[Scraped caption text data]
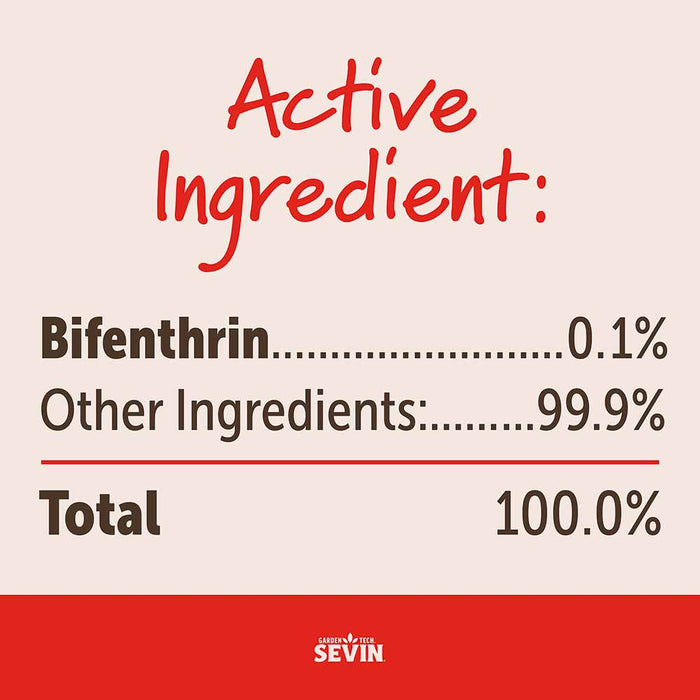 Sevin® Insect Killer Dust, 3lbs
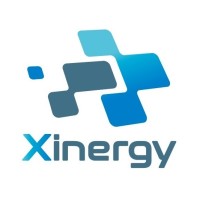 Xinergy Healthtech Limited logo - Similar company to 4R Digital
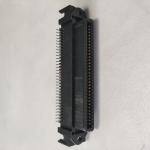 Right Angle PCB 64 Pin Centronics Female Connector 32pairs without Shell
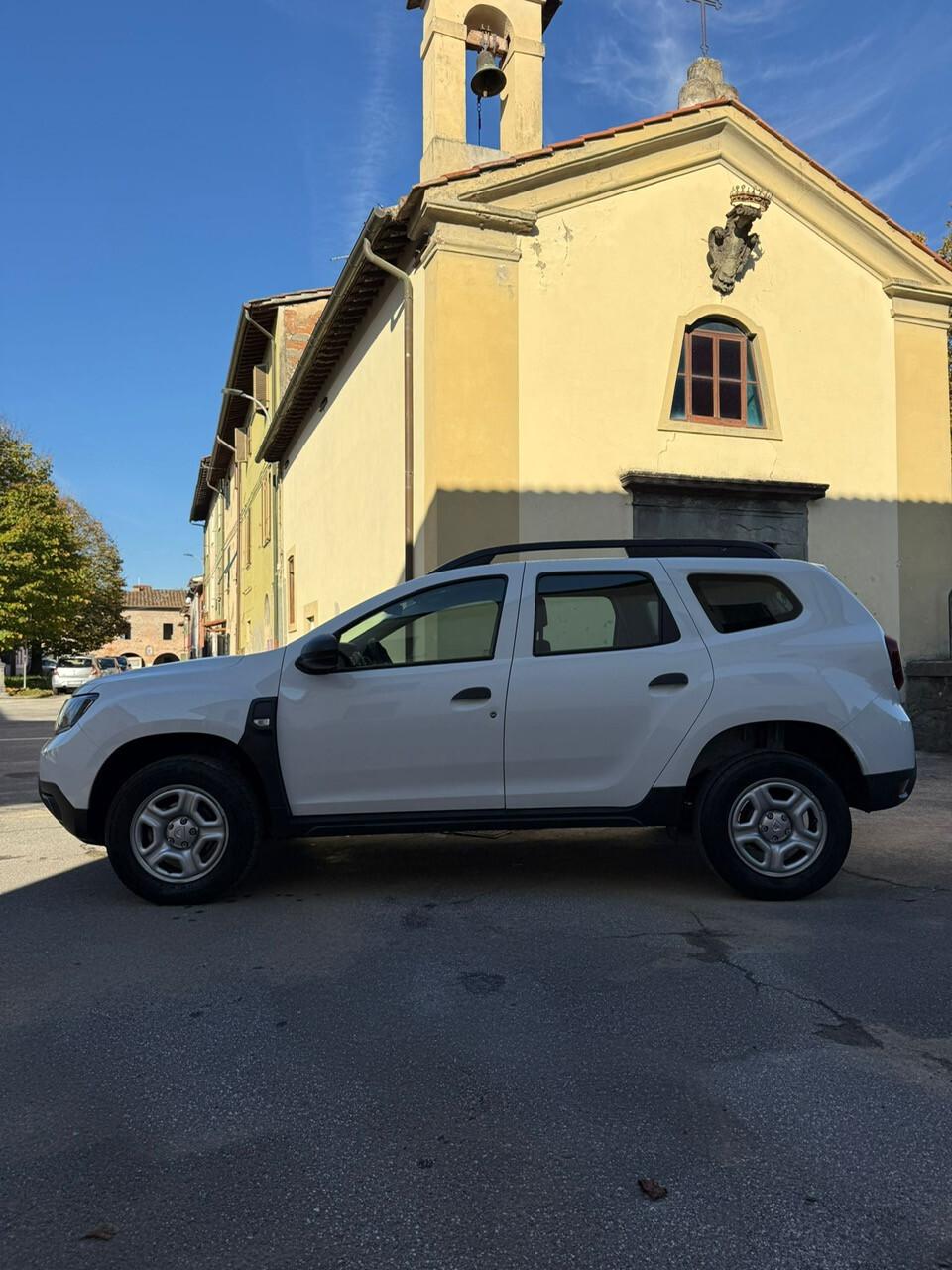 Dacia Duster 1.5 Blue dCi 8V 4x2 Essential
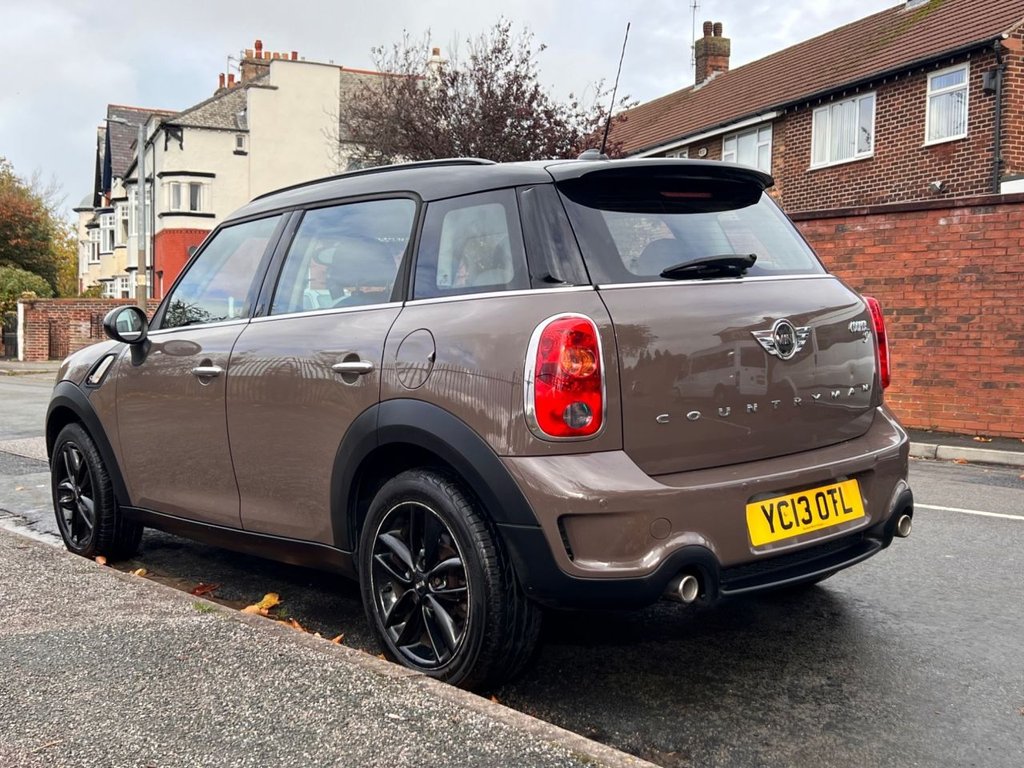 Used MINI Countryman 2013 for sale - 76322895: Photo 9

**Task goal**
Each entry is to be returned as it stands, and each picture is to be left out.

**Response below**
 Sevin® Insect Killer Dust, 3lbs
 Xinergy Healthtech Limited logo - Similar company to 4R Digital
 Right Angle PCB 64 Pin Centronics Female Connector 32pairs without Shell
 Dacia Duster 1.5 Blue dCi 8V 4x2 Essential
 Used MINI Countryman 2013 for sale - 76322895: Photo 9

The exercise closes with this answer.